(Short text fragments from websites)
--------------------
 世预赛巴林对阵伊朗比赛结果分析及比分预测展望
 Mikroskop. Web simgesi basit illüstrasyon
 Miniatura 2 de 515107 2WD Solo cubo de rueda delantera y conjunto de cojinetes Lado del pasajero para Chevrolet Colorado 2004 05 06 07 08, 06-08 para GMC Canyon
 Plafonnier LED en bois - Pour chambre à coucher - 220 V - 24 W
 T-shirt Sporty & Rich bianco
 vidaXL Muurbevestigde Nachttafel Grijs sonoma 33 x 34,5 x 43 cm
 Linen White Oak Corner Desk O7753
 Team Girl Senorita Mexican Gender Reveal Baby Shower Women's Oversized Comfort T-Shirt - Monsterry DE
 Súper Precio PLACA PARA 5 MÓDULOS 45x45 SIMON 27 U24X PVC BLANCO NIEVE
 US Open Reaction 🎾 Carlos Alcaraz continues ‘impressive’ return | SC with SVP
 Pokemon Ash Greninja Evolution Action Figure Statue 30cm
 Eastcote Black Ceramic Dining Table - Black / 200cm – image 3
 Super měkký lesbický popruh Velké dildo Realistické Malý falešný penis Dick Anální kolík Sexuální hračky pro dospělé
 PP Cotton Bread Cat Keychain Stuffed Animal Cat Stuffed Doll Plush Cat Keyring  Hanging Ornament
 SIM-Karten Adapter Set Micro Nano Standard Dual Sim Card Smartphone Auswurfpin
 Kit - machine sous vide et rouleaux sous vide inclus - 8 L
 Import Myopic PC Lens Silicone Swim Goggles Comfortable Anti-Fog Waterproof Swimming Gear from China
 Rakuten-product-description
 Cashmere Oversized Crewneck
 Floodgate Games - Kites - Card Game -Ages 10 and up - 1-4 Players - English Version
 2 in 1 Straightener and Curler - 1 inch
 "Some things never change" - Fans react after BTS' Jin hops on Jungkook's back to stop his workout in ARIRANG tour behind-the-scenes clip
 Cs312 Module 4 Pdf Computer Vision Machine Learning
--------------------
The answer must be the data above, repeated exactly as it stands.

 世预赛巴林对阵伊朗比赛结果分析及比分预测展望
 Mikroskop. Web simgesi basit illüstrasyon
 Miniatura 2 de 515107 2WD Solo cubo de rueda delantera y conjunto de cojinetes Lado del pasajero para Chevrolet Colorado 2004 05 06 07 08, 06-08 para GMC Canyon
 Plafonnier LED en bois - Pour chambre à coucher - 220 V - 24 W
 T-shirt Sporty & Rich bianco
 vidaXL Muurbevestigde Nachttafel Grijs sonoma 33 x 34,5 x 43 cm
 Linen White Oak Corner Desk O7753
 Team Girl Senorita Mexican Gender Reveal Baby Shower Women's Oversized Comfort T-Shirt - Monsterry DE
 Súper Precio PLACA PARA 5 MÓDULOS 45x45 SIMON 27 U24X PVC BLANCO NIEVE
 US Open Reaction 🎾 Carlos Alcaraz continues ‘impressive’ return | SC with SVP
 Pokemon Ash Greninja Evolution Action Figure Statue 30cm
 Eastcote Black Ceramic Dining Table - Black / 200cm – image 3
 Super měkký lesbický popruh Velké dildo Realistické Malý falešný penis Dick Anální kolík Sexuální hračky pro dospělé
 PP Cotton Bread Cat Keychain Stuffed Animal Cat Stuffed Doll Plush Cat Keyring  Hanging Ornament
 SIM-Karten Adapter Set Micro Nano Standard Dual Sim Card Smartphone Auswurfpin
 Kit - machine sous vide et rouleaux sous vide inclus - 8 L
 Import Myopic PC Lens Silicone Swim Goggles Comfortable Anti-Fog Waterproof Swimming Gear from China
 Rakuten-product-description
 Cashmere Oversized Crewneck
 Floodgate Games - Kites - Card Game -Ages 10 and up - 1-4 Players - English Version
 2 in 1 Straightener and Curler - 1 inch
 "Some things never change" - Fans react after BTS' Jin hops on Jungkook's back to stop his workout in ARIRANG tour behind-the-scenes clip
 Cs312 Module 4 Pdf Computer Vision Machine Learning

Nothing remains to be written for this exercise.